On October 4, 1997 several individuals stole $17.1 million from vault of the Loomis, Fargo & Co. armored car service located in Charlotte, North Carolina. It was the second largest cash theft in US history. The vault supervisor, David Ghantt, and his girlfriend, former Loomis employee Kelly Campbell organized the heist along with 6 other conspirators. Ghantt loaded up a truck with the $17.1 and drove it off the facility, meeting up with several co-conspirators. After putting most of the money in private cars, Ghantt took his share and immediately fled to Mexico. It turned out that the criminals underestimated the sheer volume of cash and had to leave about $3 million behind.
The FBI was immediately involved as most of the cash was from banks and was therefore a federal crime. The involvement of Ghantt was obvious, the other co-conspirators were nice enough to make every mistake in the book to assist the FBI in their capture. They saw the phone records and relationship between Ghantt and Campbell. The criminals began plotting against one another, mostly by phone. They also went on huge spending sprees that included purchases such as new homes, and a BMW Z3 with cash from the heist.
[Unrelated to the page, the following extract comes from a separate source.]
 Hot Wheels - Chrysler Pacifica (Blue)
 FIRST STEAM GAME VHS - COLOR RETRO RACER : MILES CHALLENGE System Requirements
One of the conspirators, Michelle Chambers, walked into her bank and asked a teller “How much can I deposit before you have to report it to the feds?” also stating “Don’t worry, it is not drug money”. The bank filled out a SAR (suspicious activity report), which ultimately reached the FBI.
Eventually 8 conspirators including Ghantt were indicated for bank larceny and money laundering (post heist). An additional 12 associates of the conspirators were charged with money laundering. All either pled or were found guilty.
Do you know what the largest cash theft in US history was? It was only 7 months prior and was a Loomis Fargo truck driver who stole the $18.8 million from the back of his own truck and fled to Mexico. Maybe they should have invested in some better hiring practices.